5. Patios, lanais, screened porches.
An elegant courtyard and front porch welcome guests to this two-story, five-bedroom Southwest home. Check out the delightful asymmetrical exterior, arched door/windows, and red-tiled roof. On the main level: master suite, two bedrooms, family room, kitchen, peninsula/eating bar, formal living room, dining room, covered lanai, cooking porch. Two more bedrooms are on the second floor. Other features: exercise room, game room, private deck, and media room. (View plan 117-1052)
6. Outdoor living spaces
7. Courtyards and gardens
8. Open floor plans
A back patio - with a sofa, coffee table, shaded dining table with wrought iron chairs, grill – sets the tone for a perfect evening at home.
Moving Beyond the Exterior
From the outside, the Southwest home presents an inviting picture to friends and guests. What can you expect when you step into the foyer and inside a Southwest style home?
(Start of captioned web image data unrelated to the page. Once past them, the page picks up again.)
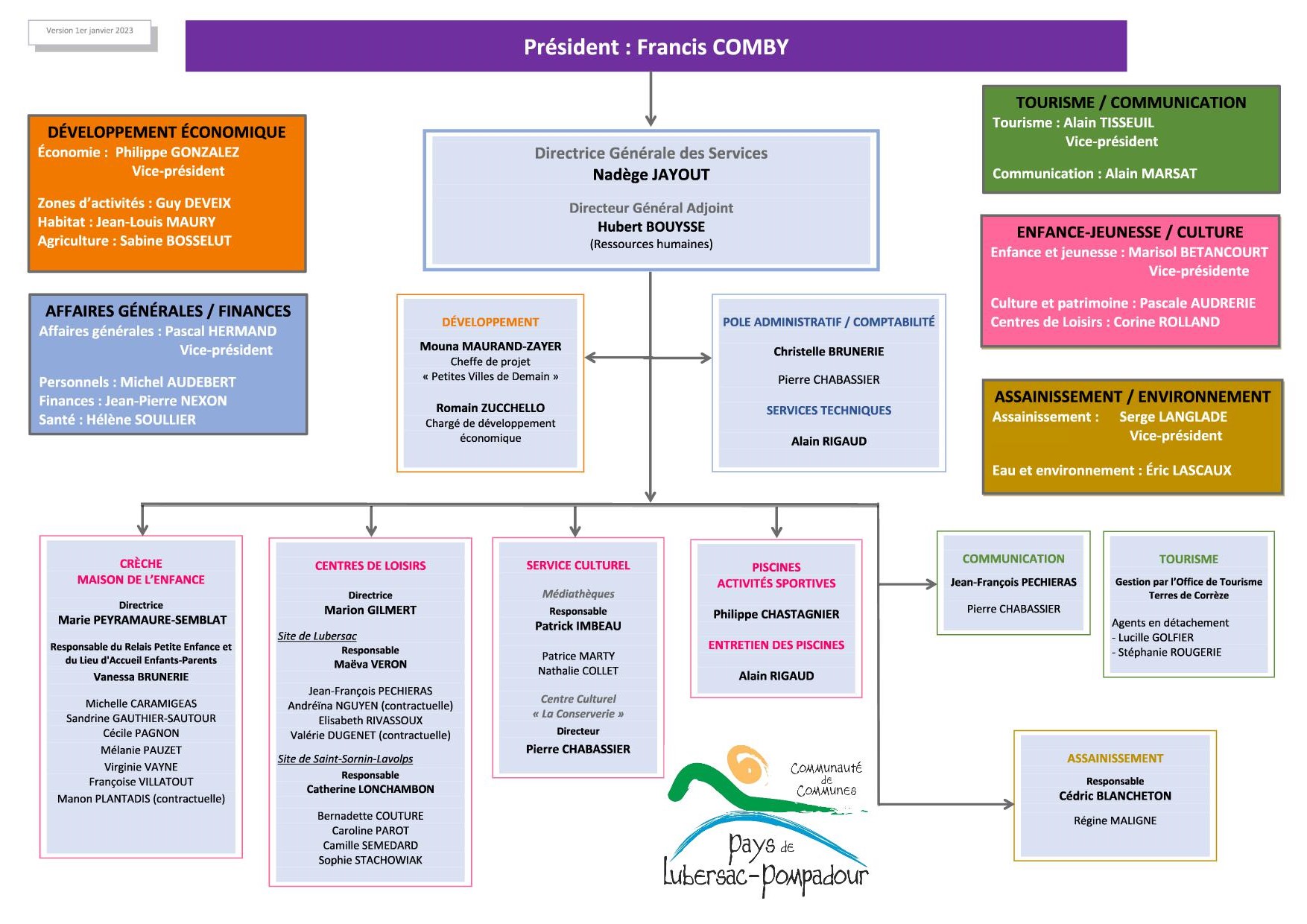 CC PAYS DLUBERSAC-POMPADOUR Organigramme - 01.01.2023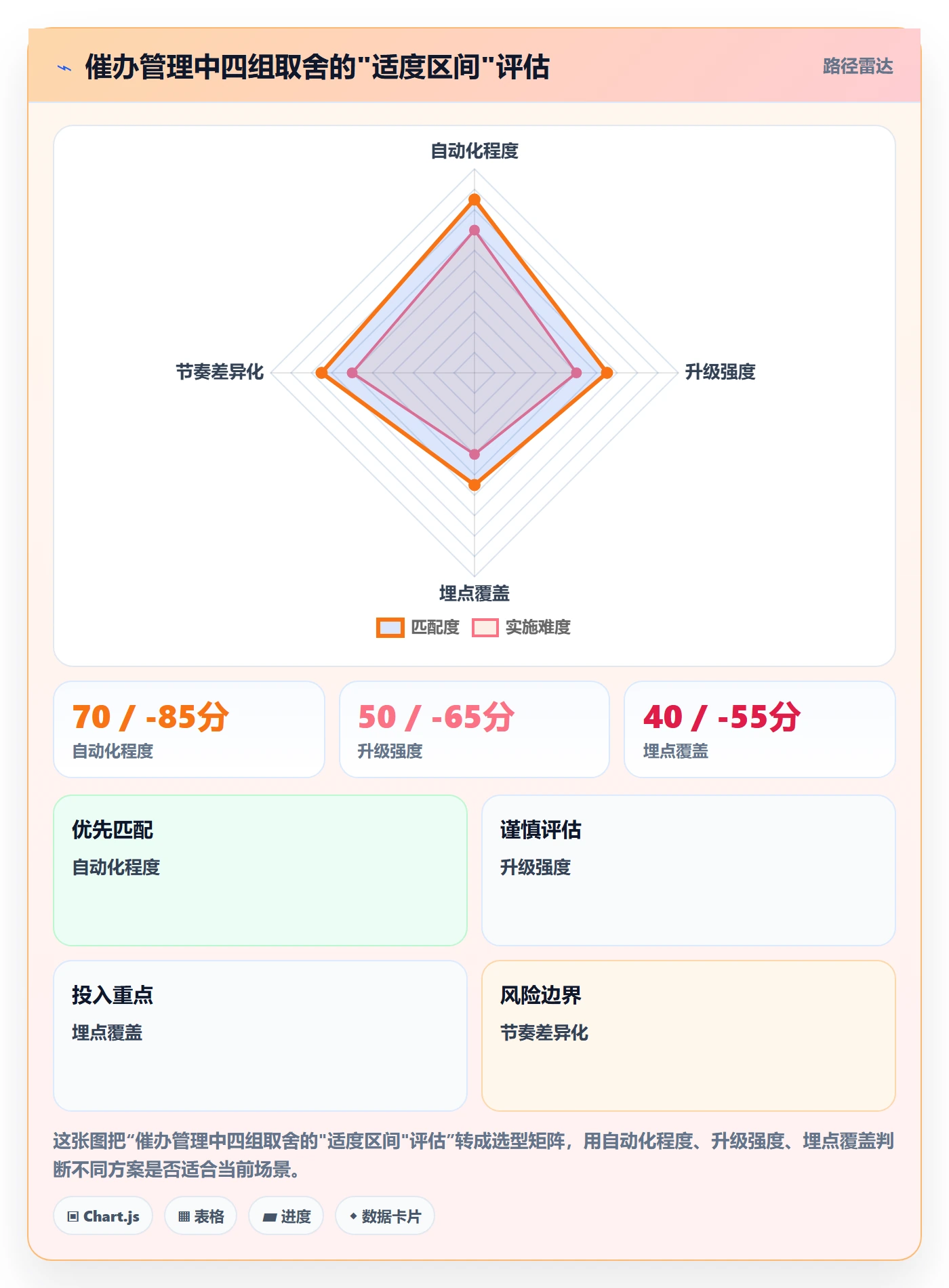 催办管理指南:企业管理者如何做好任务提醒,数据分析全流程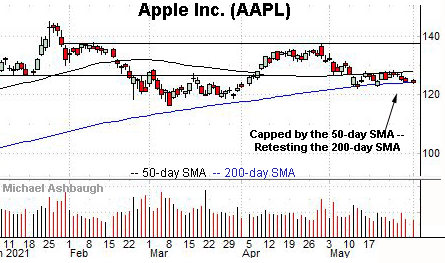 Apple teeters on major support. By Michael Ashbaugh, Charting Markets on Substack.com, formerly The Technical Indicator on MarketWatch. 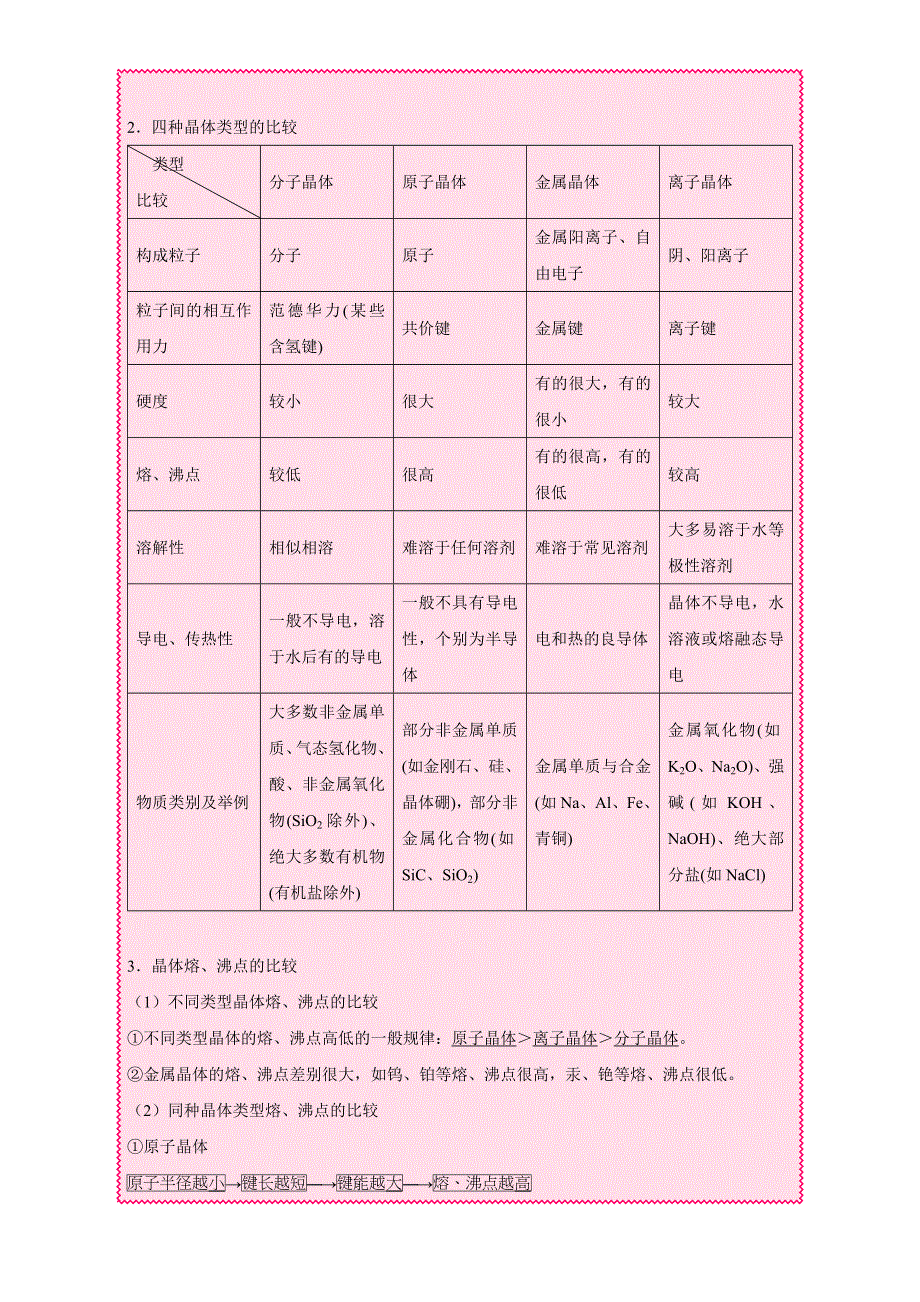 《高中化学》2017年短平快高考考点突破一本通之16 物质结构（选修）考点六 晶体的组成与性质 WORD版含解析.doc_第2页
1. Open Floor Plans/High Ceilings
Open spaces are the norm – one flowing space that connects the living, dining areas and the kitchen. Hardwood, stone or patterned tile floors and area rugs inspired by Native American and/or Aztec cultures are basic features of the Southwest home’s interior. Add timber ceiling beams, both low-and-medium-hanging lamps with wrought iron chains to complete the interior look. Learn more and view additional house plans of Southwestern style home designs here.
A look into the Great Room of this two-story Southwest home also shows a glimpse of the eat-in kitchen with its kitchen island, fireplace and wall accents. (View plan 161-1053)
Go for the rustic and simple in furniture for the Southwest home. Leather sofas and chairs are common; leather and natural fabrics are also used as slip covers for. Pine is a typical material for end/coffee tables; and rough-hewn logs and timber for ceiling beams. Metal accents enhance the look of wood furniture. Wrought iron chairs and tables are ideal for the patio.
A big-tile floor, potted cacti, stone fireplace, leather sofa/chair, wood and wrought-iron pieces are part of the living room of this Southwest home.
These living rooms illustrate the simple and rustic elements, colors, accents and breezy atmosphere of the Southwest home.
3. Walls/Décor Accents
The Southwest Region is a treasure chest when it comes to décor accents/motifs. From its desert landscape to cowboy items, animal heads, Native American and Aztec artifacts, the Southwest is full of rich symbols that can be captured in murals, wall hangings, and displays.
The interior walls of the Southwest home can be adorned with murals or framed art depicting Native American or Aztec rituals. Pottery, candles, dried flowers, sculptures add to the ambiance. Brightly colored throw pillows are great for sofas, chairs or the floor – as are Mexican serapes.
A study - simply decorated in earth tones – (left) includes a stone fireplace with an animal head as its centerpiece, wood beams, table, cabinets, wrought iron chandelier, leather chairs and an area rug. (View Southwest plan 161-1053). The living/dining area (right) displays all the essential materials and colors that make a Southwest home attractive and bright – a color motif of orange/blue/brown is reflected in the display cabinet, plates and napkins, sofa, throw pillows, table and chairs.
The Southwest provides vibrant and brilliant hues when it comes to color imagery. Earth tones are fused with turquoise – perhaps the color most associated with the region (there are turquoise jewelry, tapestry, pottery, and woodwork).
Other colors that are often incorporated in the design and accents of the Southwest home are blue, red, gold/yellow, green and orange. A mix of these shades can make the Southwest home bright, warm, breezy, cozy and comfortable.
This very Southwestern master bedroom features exposed wood beams, big tiles for the floor, area rugs, beddings and other furnishings in a mix of orange, green, browna nd other earth tones. There’s a fireplace and an archway that leads to the bathroom.
Close the door and imagine yourself in one of these homes. Are you ready to bask in all the colors, warmth, comfort, charm and tradition of the Southwest home? The desert landscape never looked so good!